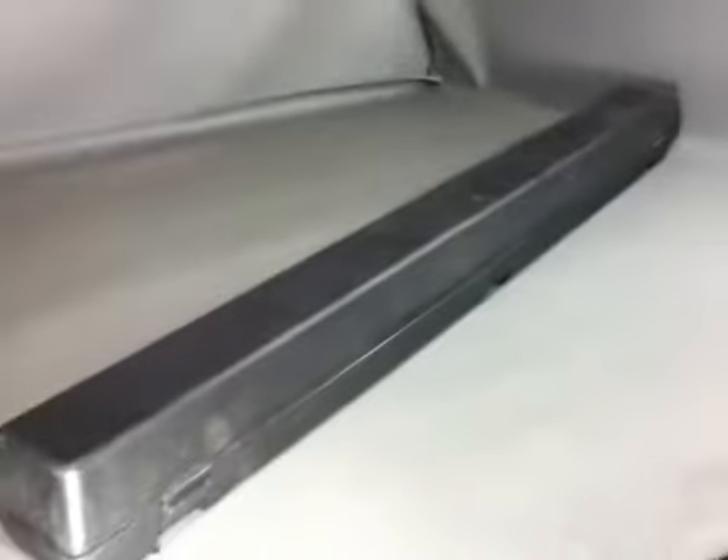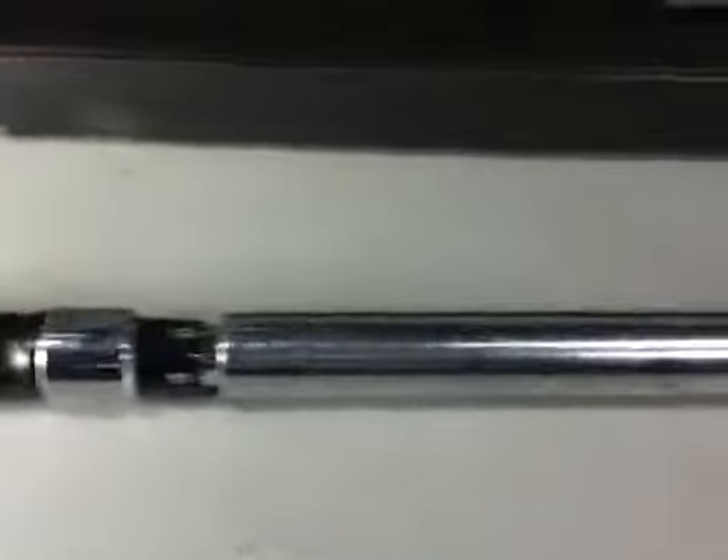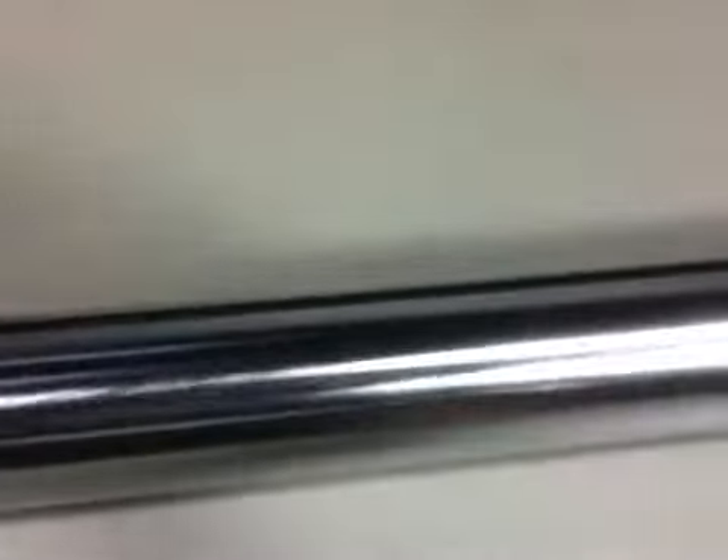CDI Torque 6004 MF RPH 3 quarter inch drive adjustable micrometer torque wrench. Government Liquidation — the world's online marketplace for U.S. government surplus and scrap property.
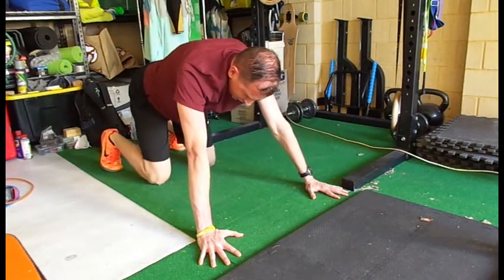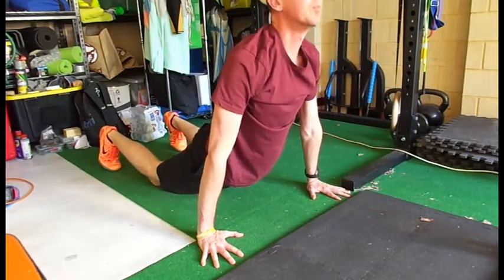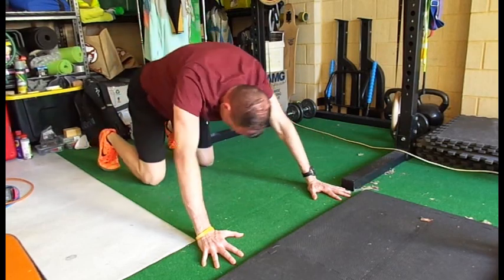If that's too hard, you can start from your knees, go all the way through, up, and all the way back. I like to finish in this position each time.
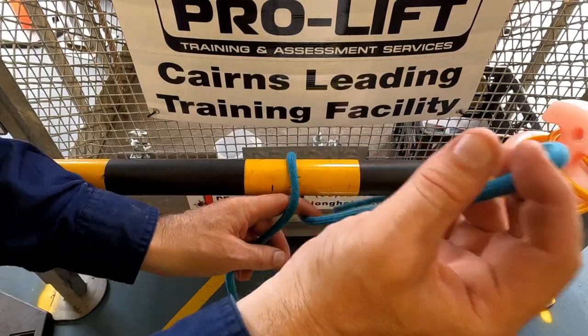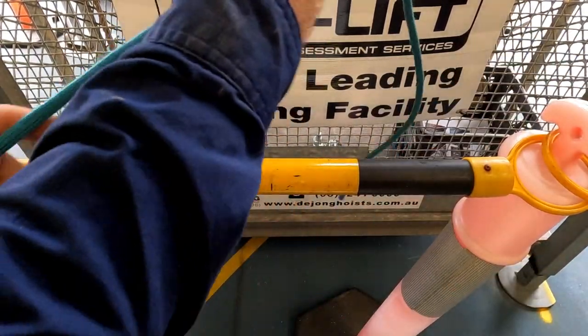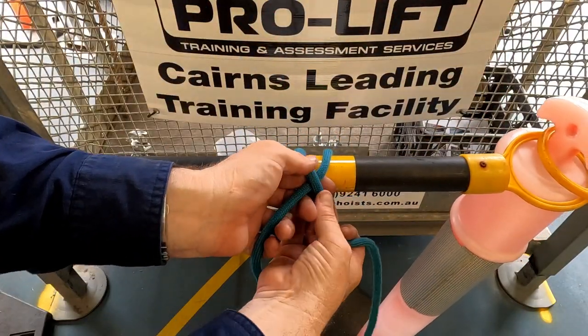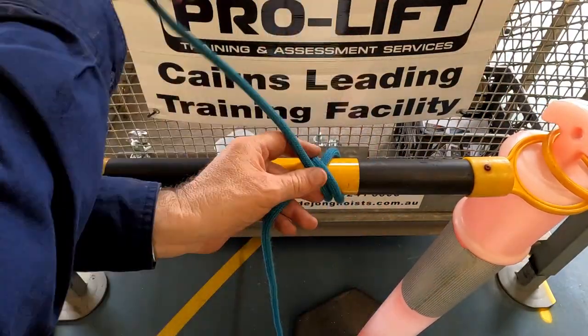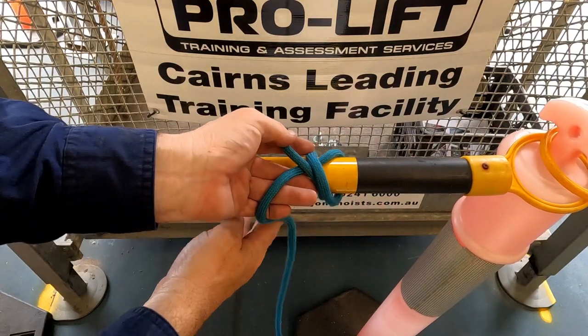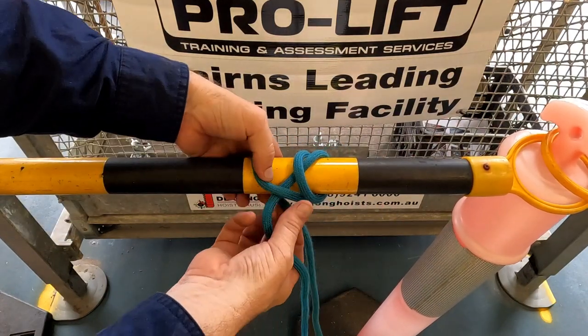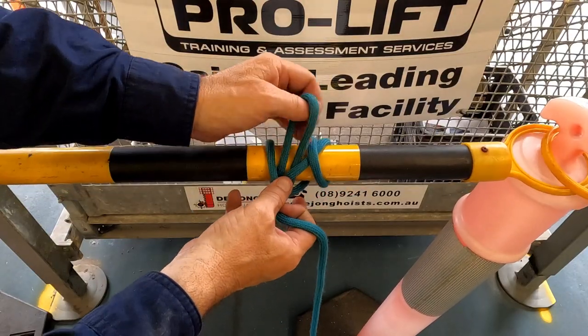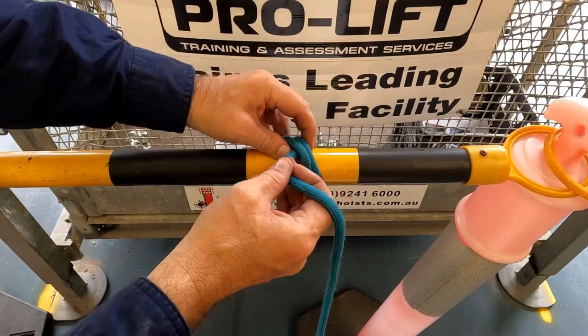So again, chuck it over, over everything, over everything again and then back through that hole there. We've got a rolling hitch.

-- What you should do --
From the material above, write out exactly the lines from the line with "If that's too" through the closing line, inclusive, and no pictures.

-- Solved problem --
If that's too hard, you can start from your knees, go all the way through, up, and all the way back. I like to finish in this position each time.
So again, chuck it over, over everything, over everything again and then back through that hole there. We've got a rolling hitch.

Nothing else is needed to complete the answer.